Bu çalışmada Edgar Allan Poe’nun kısa öyküleri ve şiirleri psikanalitik edebiyat kuramı vasıtasıyla incelenmiştir. Romantik yazarın kısa ve trajik hayatına Sigmund Freud’un tanımladığı Oedipus Kompleksi ve güçlü ölüm istenci hâkim olmuştur. Bunun en büyük sebebi yazarın yaşadığı travmalar olmuştur. Bu travmalardan yazarda en derin iz bırakanı, annesinin verem ile uzun mücadelesine tanık olduktan sonra onu küçük yaşta kaybetmesi olmuştur.
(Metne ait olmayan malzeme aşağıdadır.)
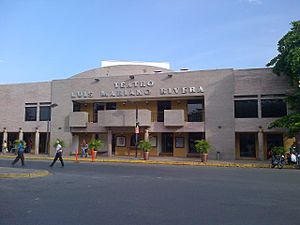 Archivo:Teatro Luis Mariano Rivera, Cumaná, Venezuela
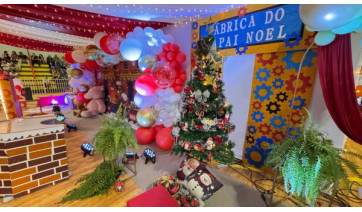 A fantástica fábrica do Papai Noel: musical encerra ano letivo da Escola Cristã de Ensino
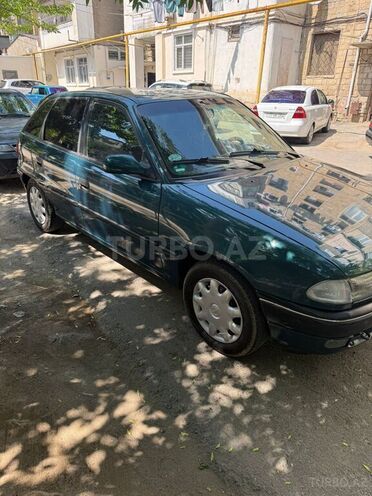 Opel Astra 1997, 300,000 km - 1.6 l - Sumqayıt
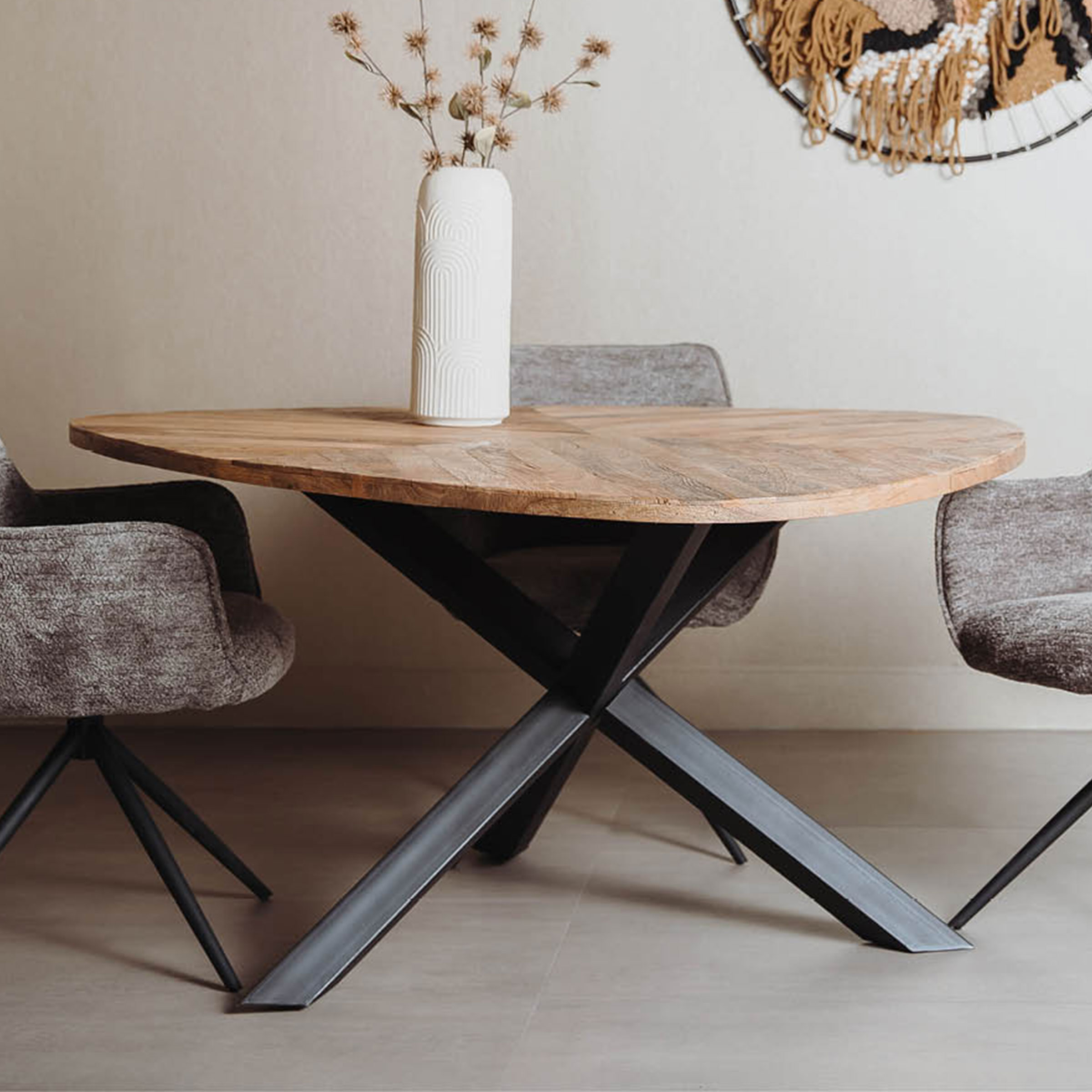 Tower Living Driehoekige Eettafel 'Trivero' Mangohout, 150 x 150cm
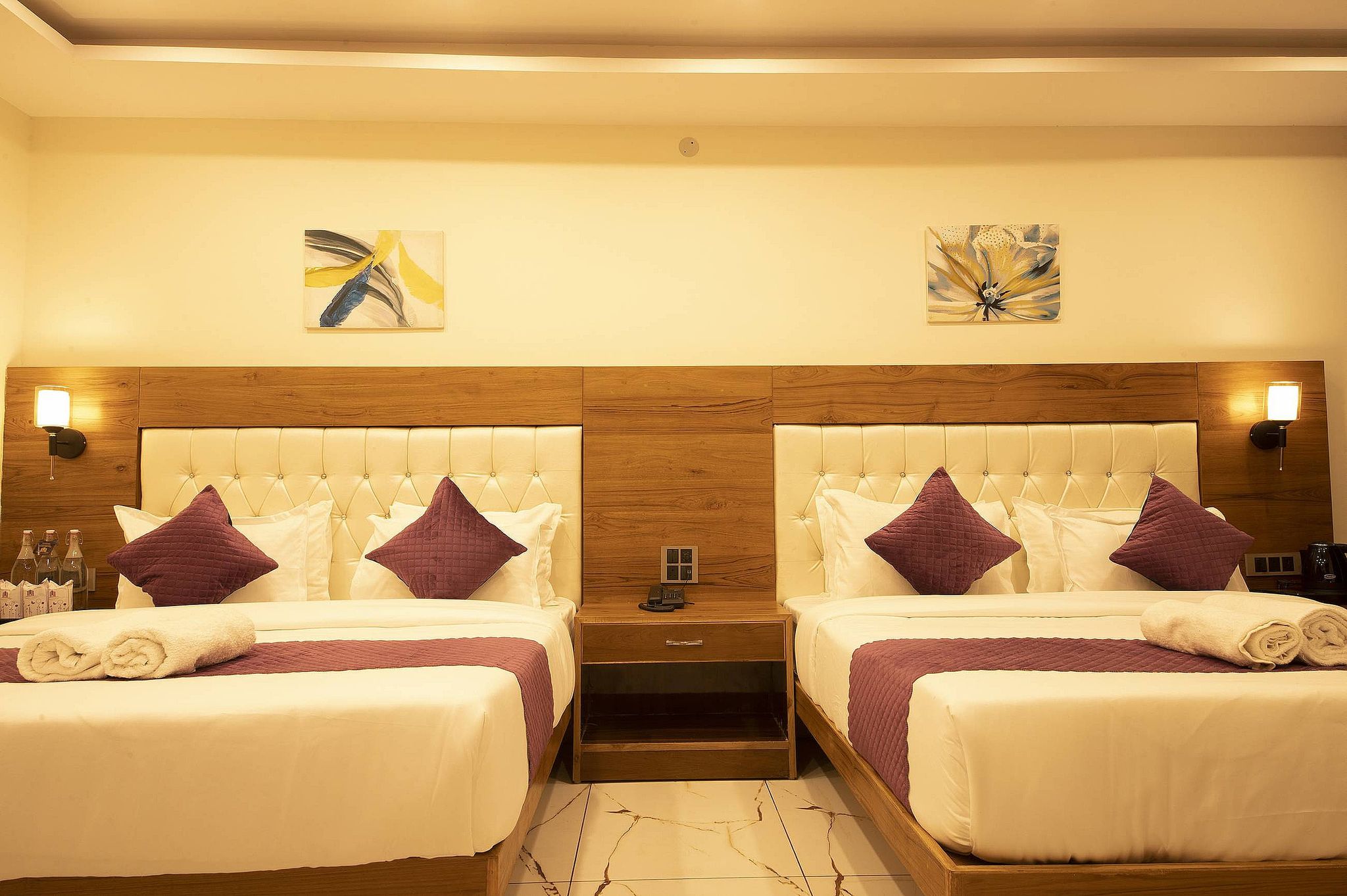 Perfectstayz Premium Westend ( Mall Road ) Super Deluxe room with Shared Balcony and Hill View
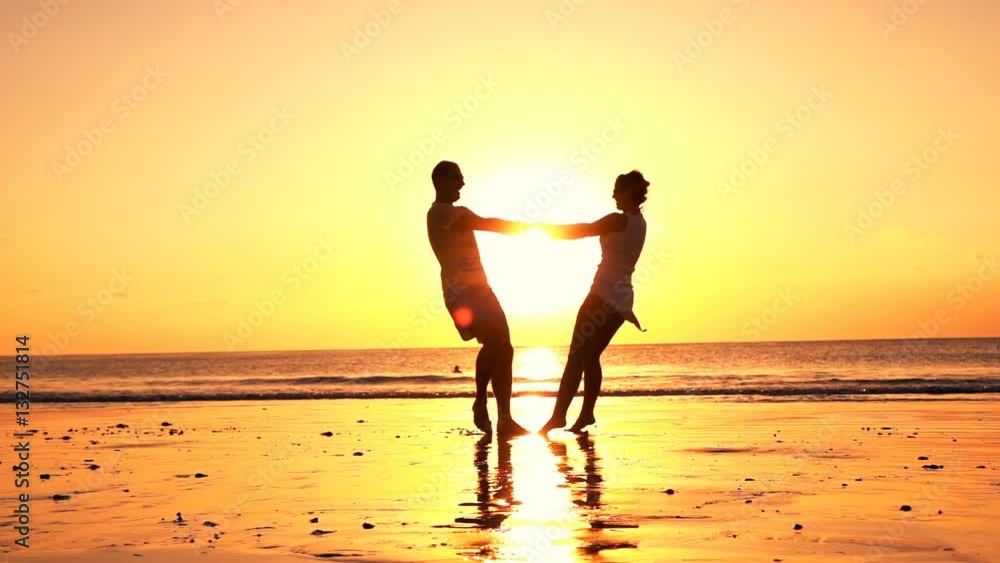 Happy couple turning round on beach during sunset, super slow motion 240fps
Happy couple turning round on beach during sunset, super slow motion 240fps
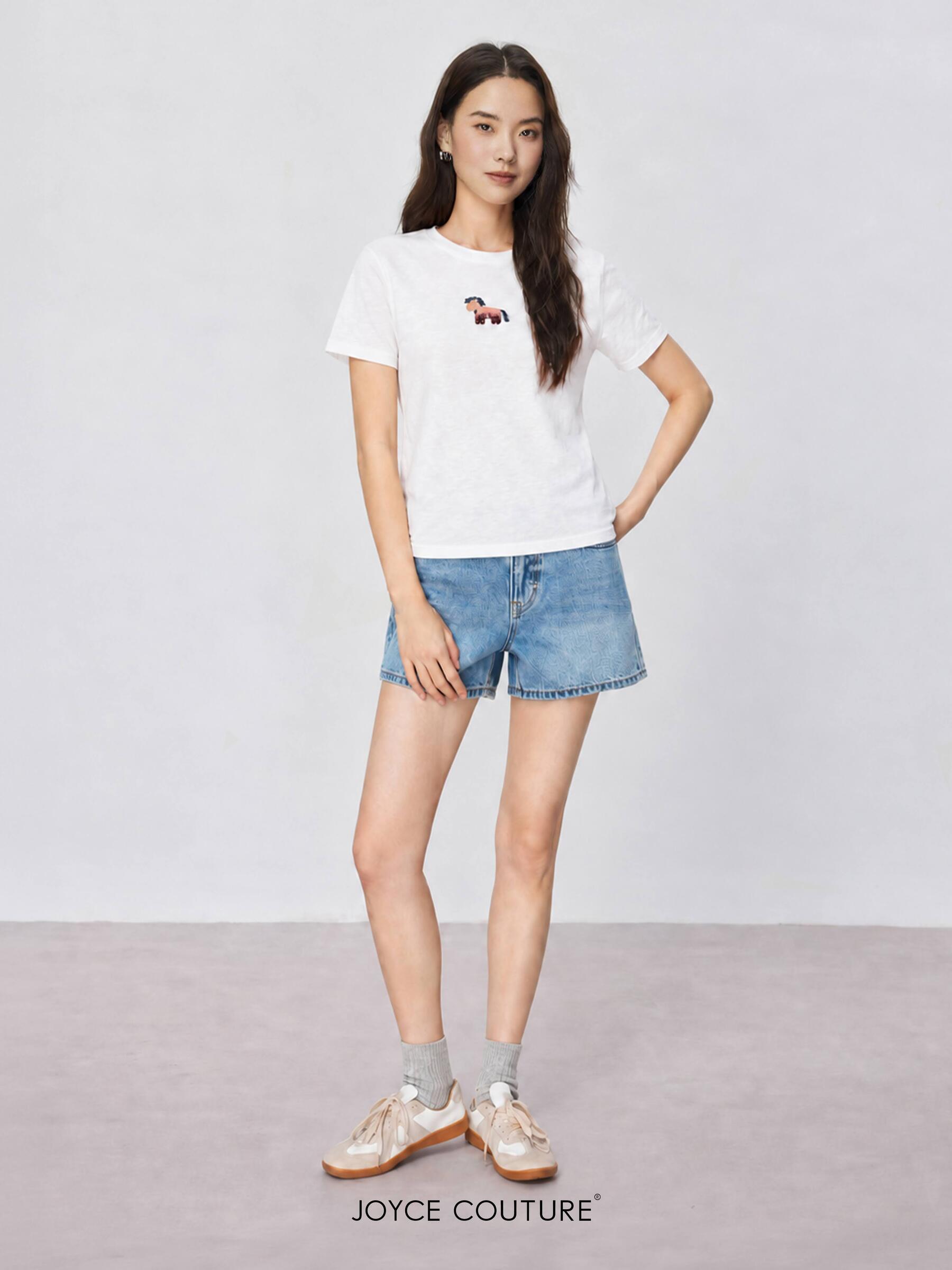 Minimalist Dachshund Tee Studio Look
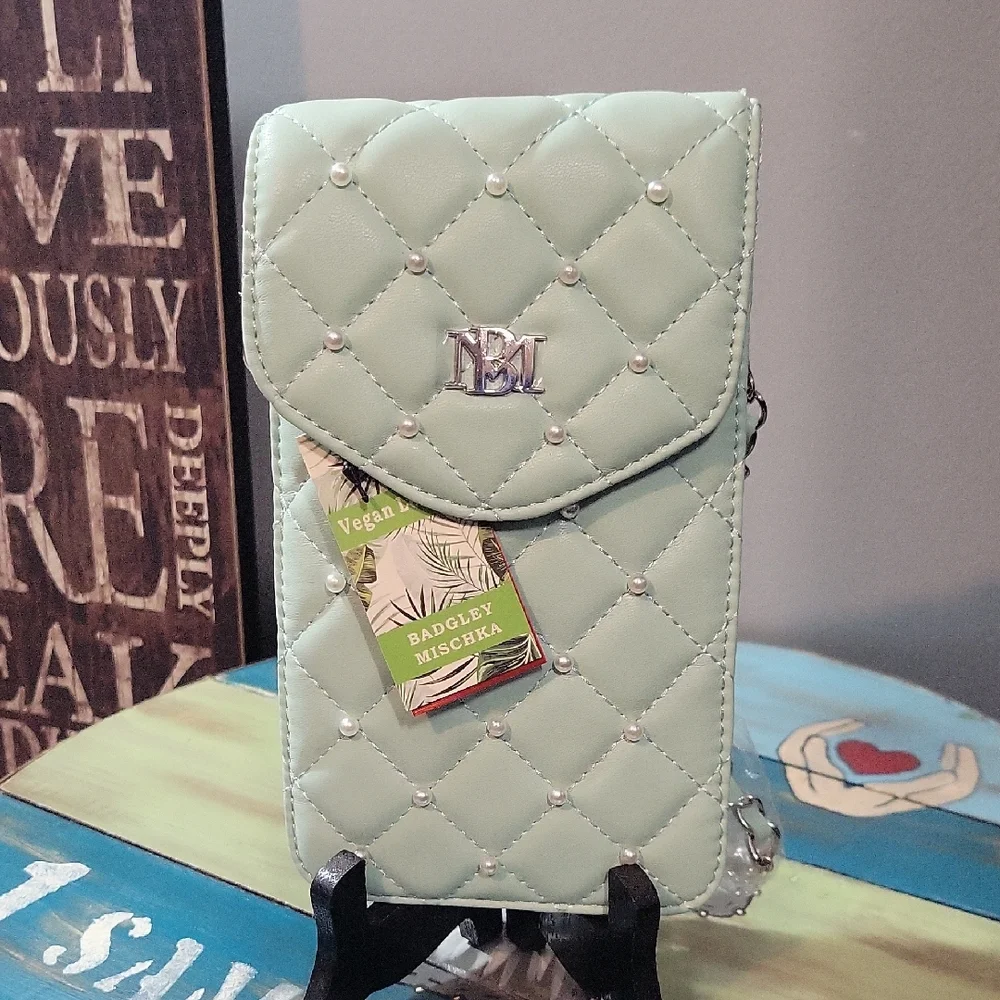 Badgley Mischka Mint Quilted Phone Case Crossbody - Picture 1 of 7
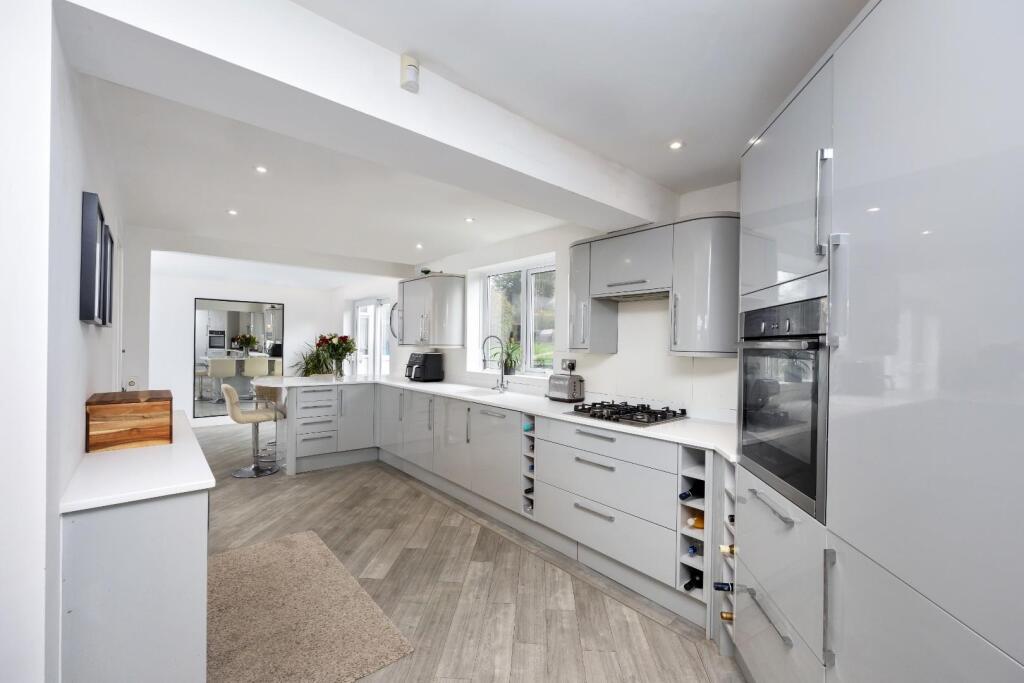 King George VI Drive 11-014.jpg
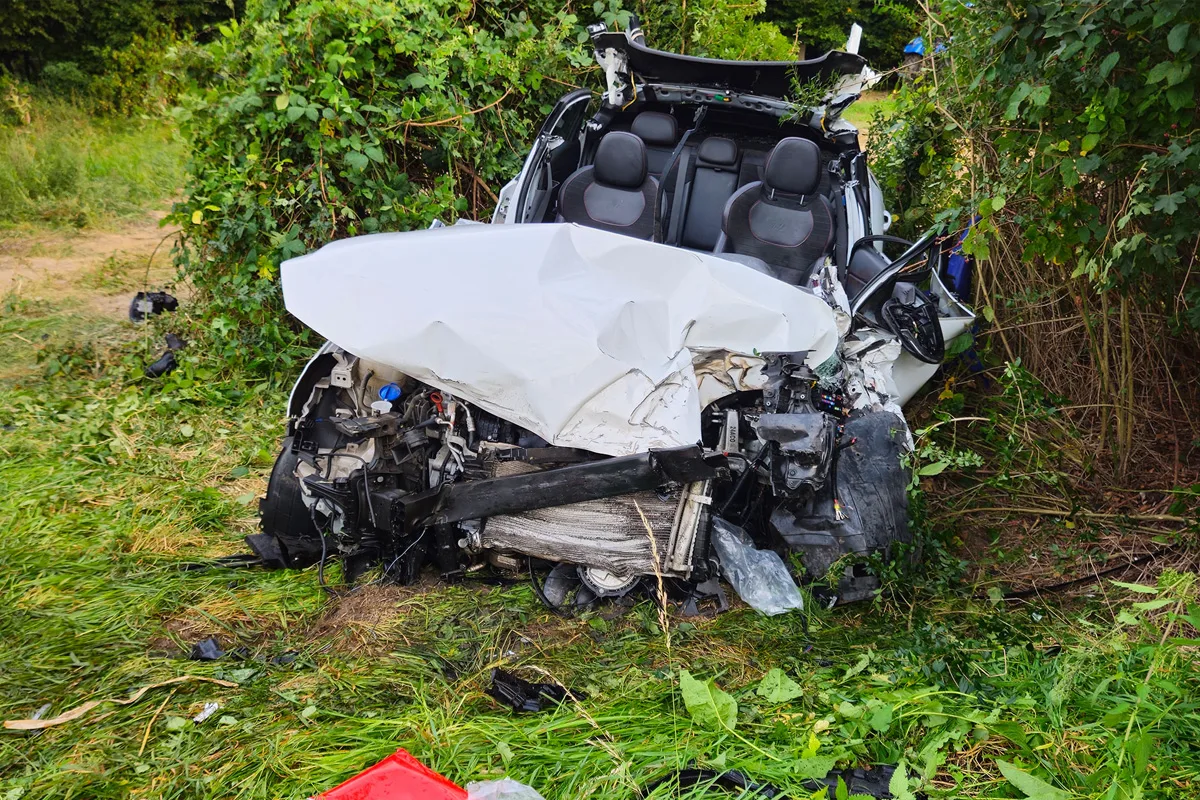 Goch NW – Zwei Männer bei Unfall mit Traktor lebensgefährlich verletzt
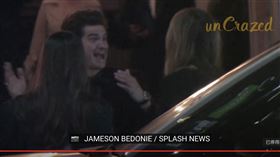 安德魯加菲爾德（Andrew Garfield）模仿威爾史密斯呼巴掌。（圖／翻攝自Uncrazed Youtube）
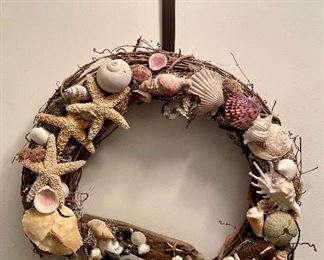 Item 139:  Seashell & Starfish Wreath - 19":  $28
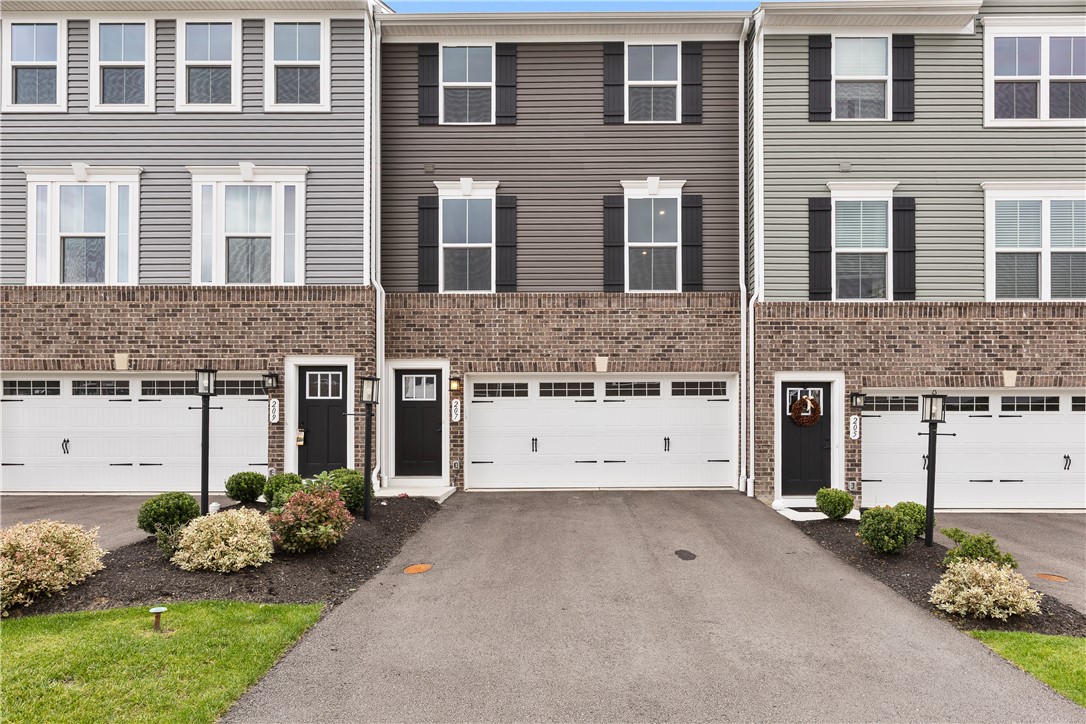 207 Yellowwood Court South Strabane PA 15301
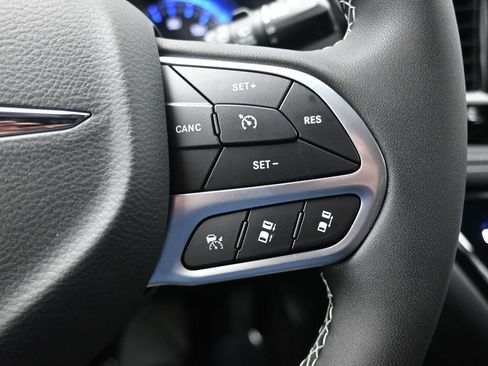 New 2026 Chrysler Pacifica Select image 20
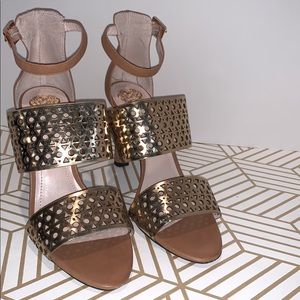 Vince Camuto Okeli sandals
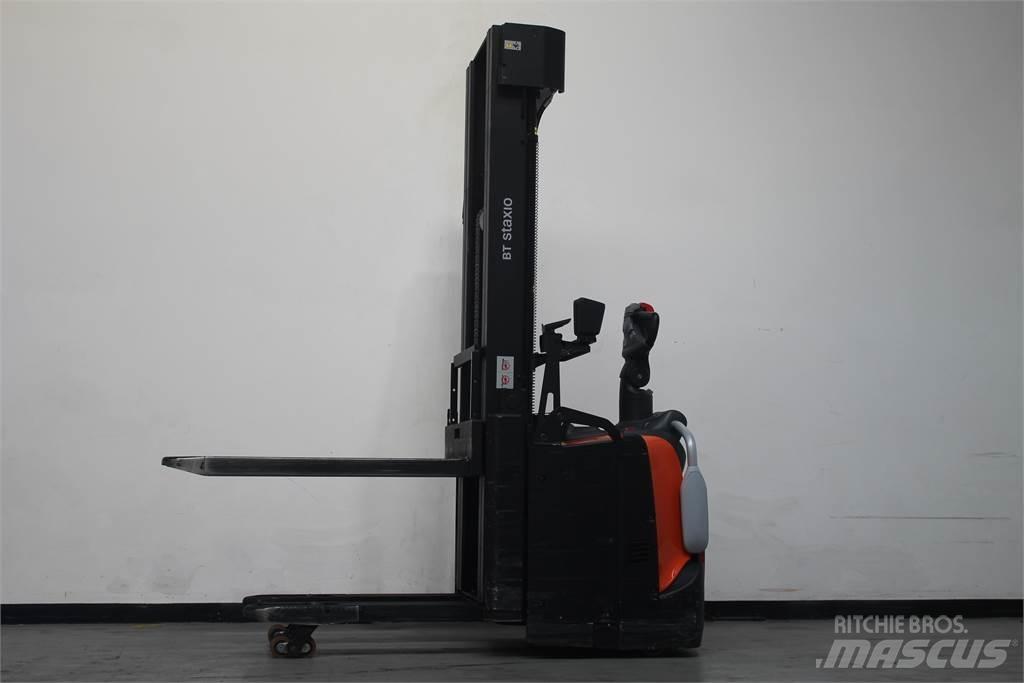 Toyota SPE160L Deichselstapler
Poe ömrü boyunca bir anne figürü aramış ve eserlerinde, ölü annesini dişi vampir figürleri aracılığıyla canlandırmıştır. Bütün bu figürler ve bu figürlerin tasvir edildiği anlatımlar, bilinçdışının “tekinsiz” (“uncanny”) yansımaları olarak ortaya çıkmaktadır. Bu da Freud’un çalışmalarından uzun bir zaman önce, Poe’nun eserlerinde bilinçdışının derinliklerindeki karanlık yerleri kavradığını göstermektedir. Yazarın kendisinin yansımaları olan anlatıcıları, kendileri için tabuta benzer karanlık alanlar yaratır. Söz konusu imgeler Poe’nun güçlü ölüm arzusundan kaynaklanmaktadır. Poe’nun erkek karakterleri, kendilerini reel yaşamdan, başka bir deyişle bilinçten, izole edip dişi vampirlere odaklanmaktadırlar. Erkek karakterlerin, dişi vampir figürlerine karşı büyük bir hayranlık beslemeleri, yazarın kavuşmak istediği annesini simgelemektedir. Aynı zamanda bu figürler ölümü temsil eder ve bundan dolayı, varlıkları Poe’yu dehşete düşürür. Dolayısıyla, yazarın yarattığı ölümsüz kadınlar, aslında Poe’nun ölü annesi ile bir araya gelme arzusunu dışa vurmaktadır. Yazarın nihai amacı ise, ölüm ile yaşam arasındaki bağı keşfetmektir ve anlamaktır. Bu çalışma, Poe’daki bu teknikleri göstermek için yazarın şiirlerine ve ayrıca, “Berenice”, “Ligeia”, “Morella” ve “Usher Evi’nin Düşüşü” gibi kısa öykülerine odaklanmıştır.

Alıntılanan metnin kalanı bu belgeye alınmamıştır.